Localization in 2D Quantum percolation

TL;DR

This paper investigates quantum transport in 2D percolation systems across various regimes, revealing persistent localization near the band center, novel conductance quantization in small systems, and confirming Pendry's conjecture on rare conducting states.

Contribution

It provides a comprehensive numerical analysis of localization, conductance distributions, and rare resonant states in 2D quantum percolation, including new observations of conductance quantization and validation of Pendry's conjecture.

Findings

Persistent Anderson localization near the band center.

Observation of partial conductance quantization in small systems.

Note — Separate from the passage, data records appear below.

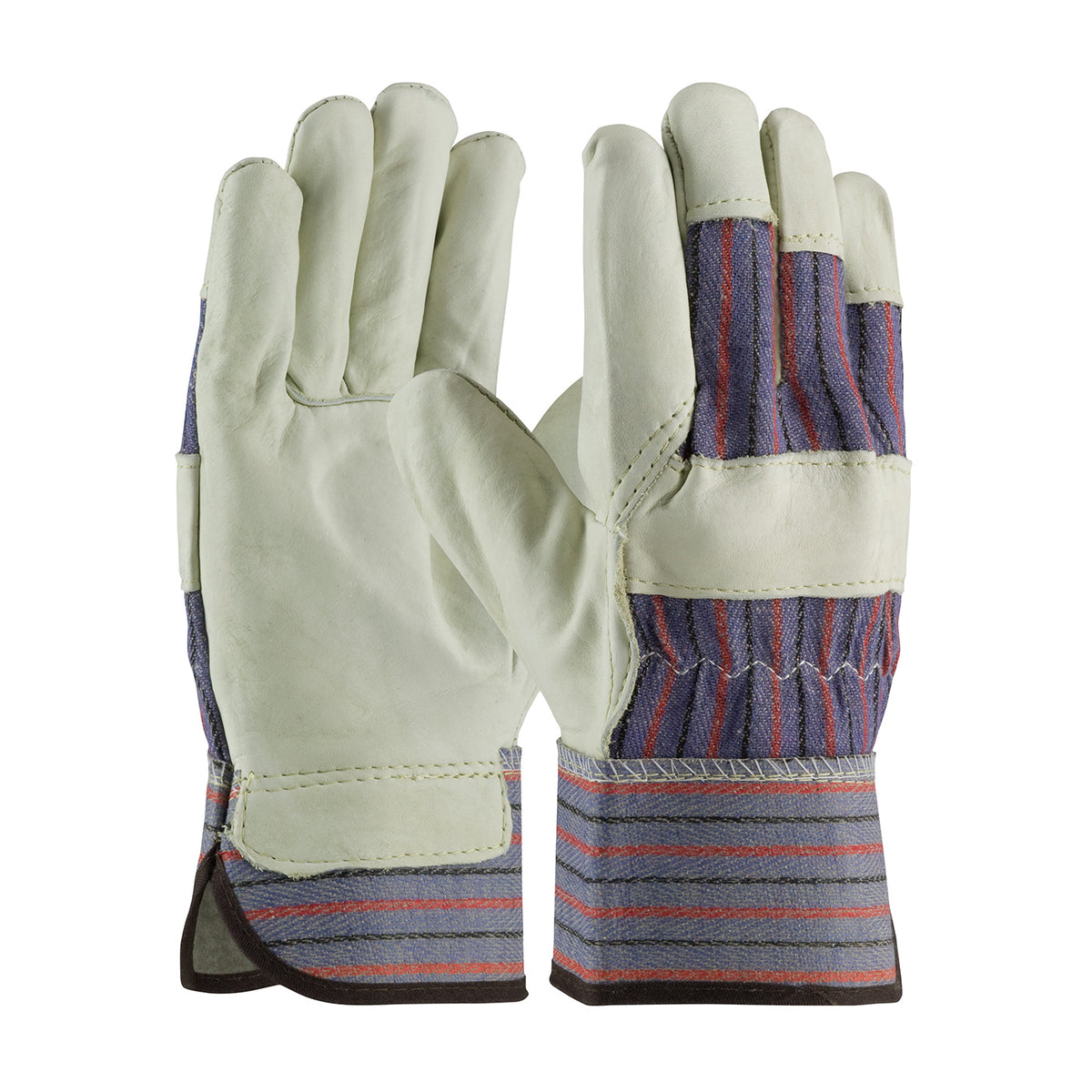 PIP Regular Grade Top Grain Cowhide Leather Palm Glove with Fabric Back - Rubberized Safety Cuff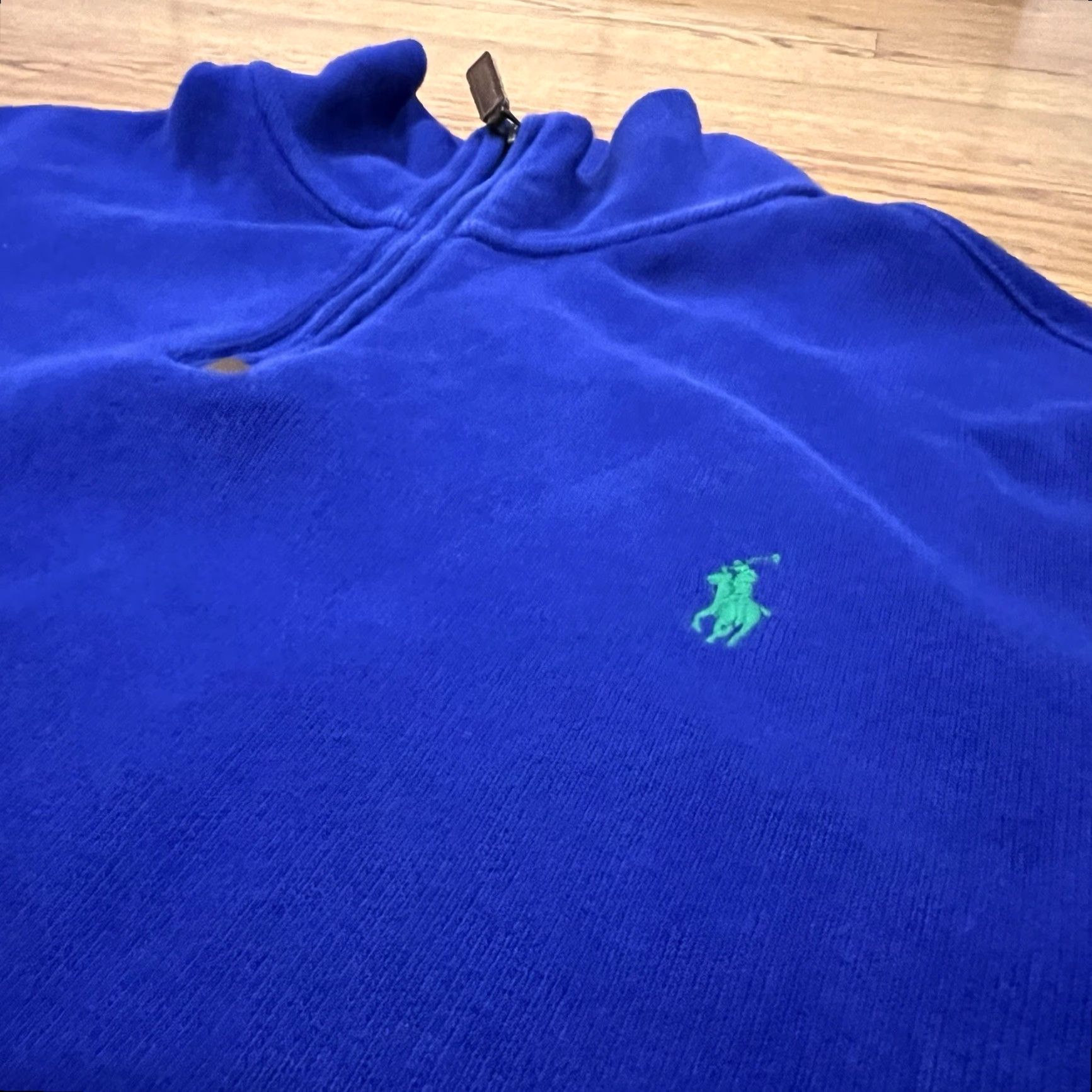 Polo Ralph Lauren Polo Ralph Lauren Sweater Mens XL Blue 1/4 Zip Mock Neck Pullover Pima Cotton Knit Logo Classic Sports Golf casual Size US XL / EU 56 / 4 - 2 Thumbnail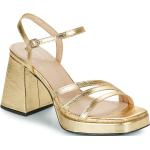 Sandales Wonders dorées en cuir en cuir Pointure 40 pour femme en promo 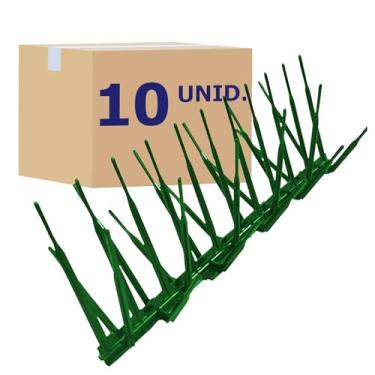 Imagem de Kit com 10 Espículas Verdes de Proteção – Cerca Contra Pombos e Gatos – 34cm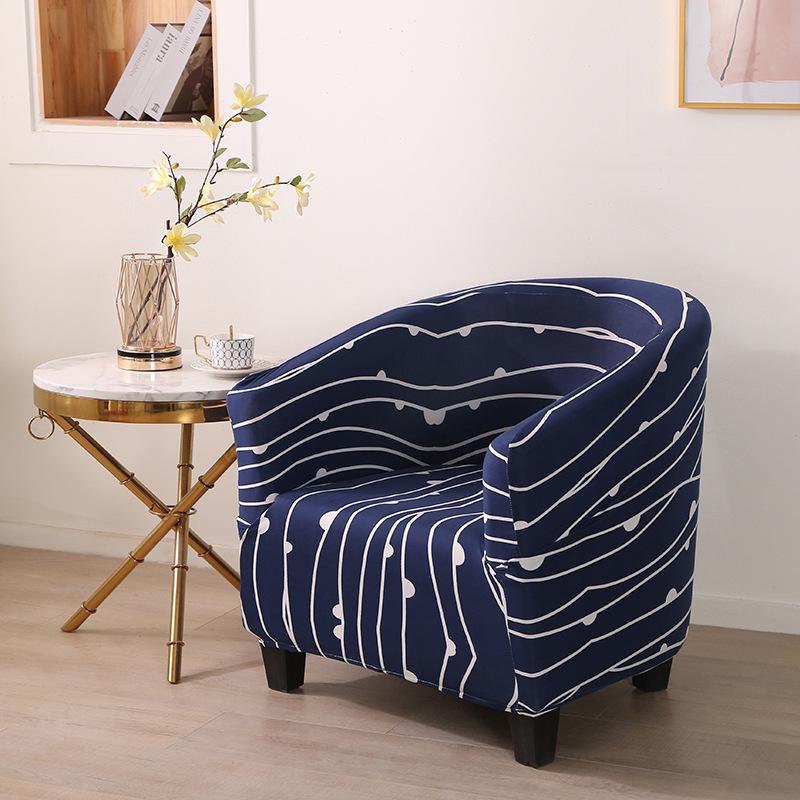 Elastic Printed Semi-Circular Sofa & Chair Cover for Cafes & Hotels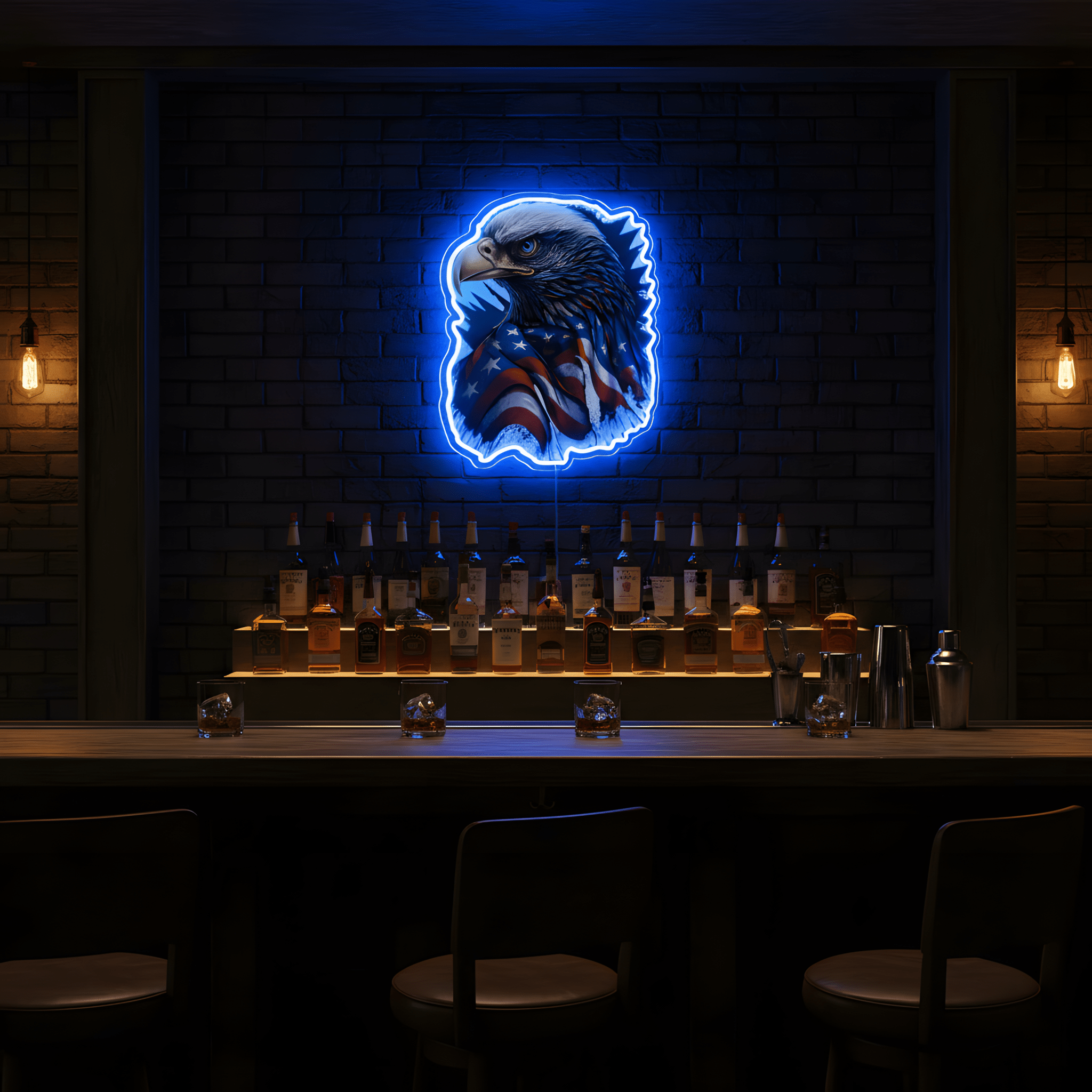 ShineNeon™ Patriotic American Eagle LED Sign - US Flag Wall Decor for Man Cave & Garage - Shineneon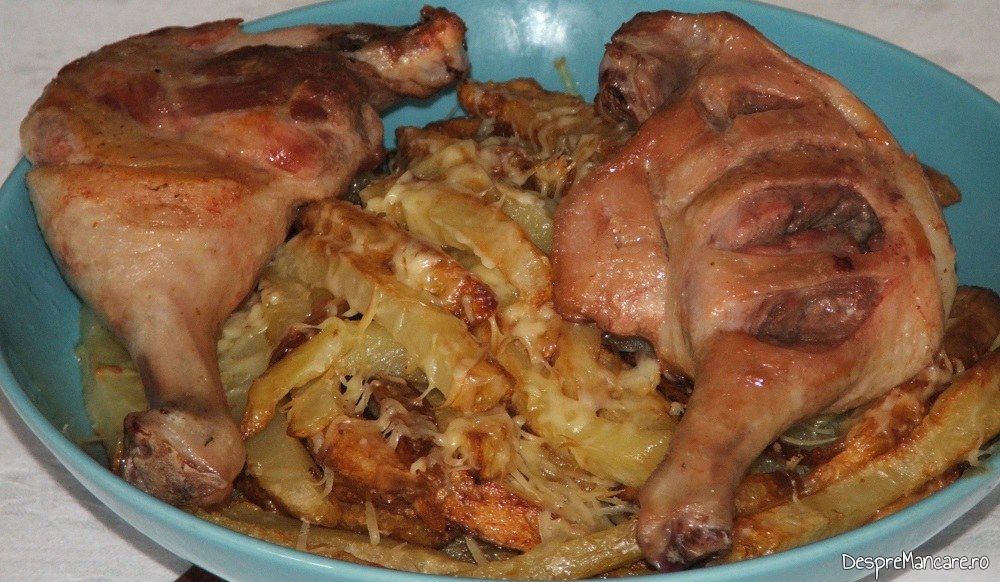 pulpe de rata cu cartofi prajiti si salate de sezon 8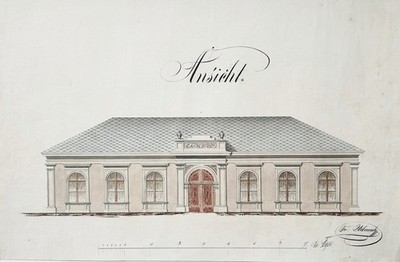 Architektur Zeichnung Villa architectural drawing Federzeichnung Urbanek 1846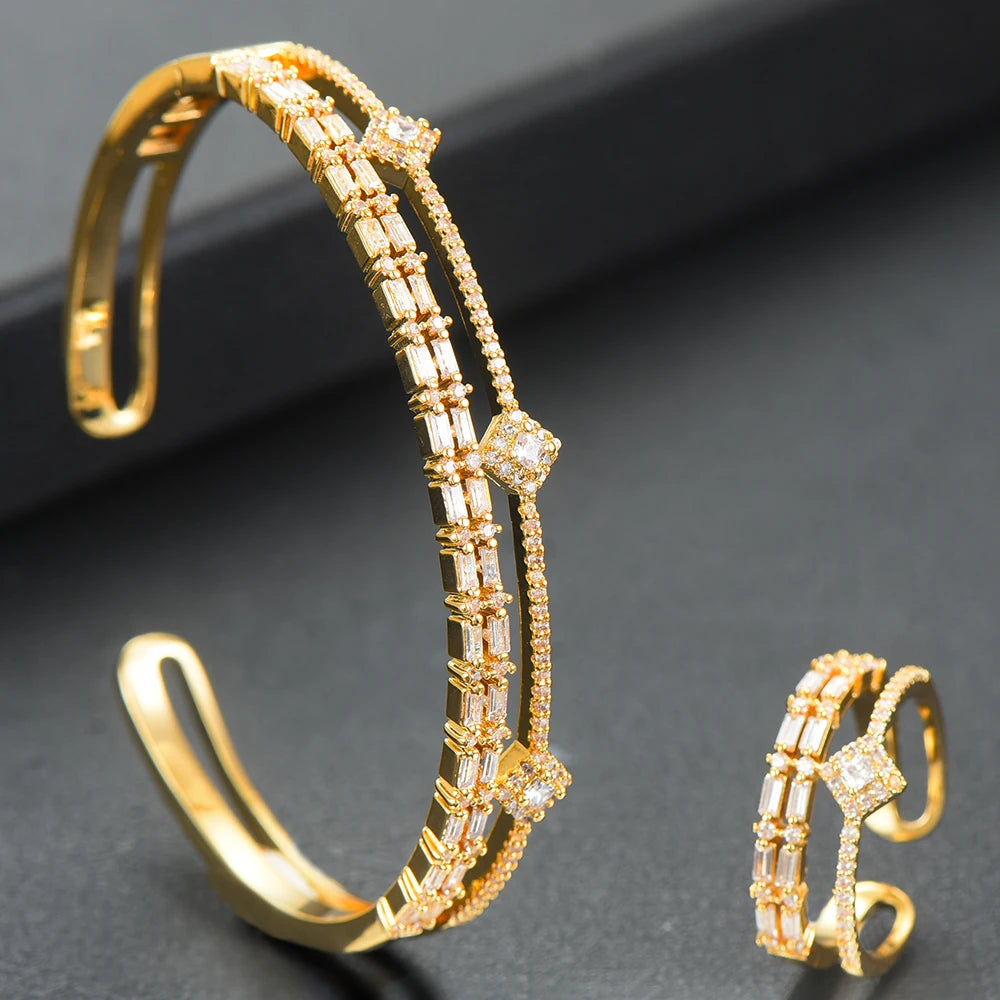 Luxury Stackable Cuff Bangles For Women Wedding Full AAA Cubic Zircon Crystal CZ Dubai Bridal Bracelets Party Jewelry 2022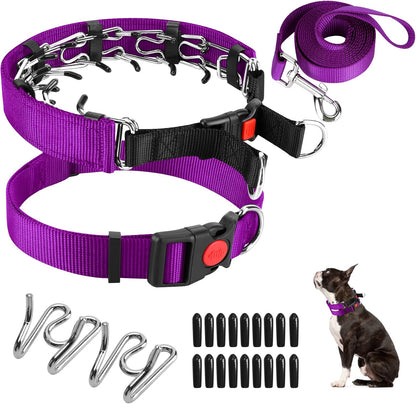 Prong Training Collar with Comfort Tips and Quick Release Snap Buckle - Dog Choke Pinch Collar with Nylon Cover - Image 15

Confirmation of Pendry's conjecture on rare conducting samples.

Abstract

Quantum site percolation as a limiting case of binary alloy is studied numerically in 2D within the tight-binding model. We address the transport properties in all regimes - ballistic, diffusive (metallic), localized and crossover between the latter two. Special attention is given to the region close to the conduction band center, but even there the Anderson localization persists, without signs of metal - insulator transition. We found standard localization for sufficiently large samples. For smaller systems, novel partial quantization of Landauer conductances, i. e. most values close to small integers in arbitrary units is observed at band center. The crossover types of conductance distributions (outside the band center) are found to be similar to systems with corrugated surfaces. Universal conductance fluctuations in metallic regime are shown to approach the known, theoretically predicted value. The resonances in localized regime are Pendry necklaces. We tested Pendry's conjecture on the probability of such rare conducting samples and it proved consistent with our numerical results.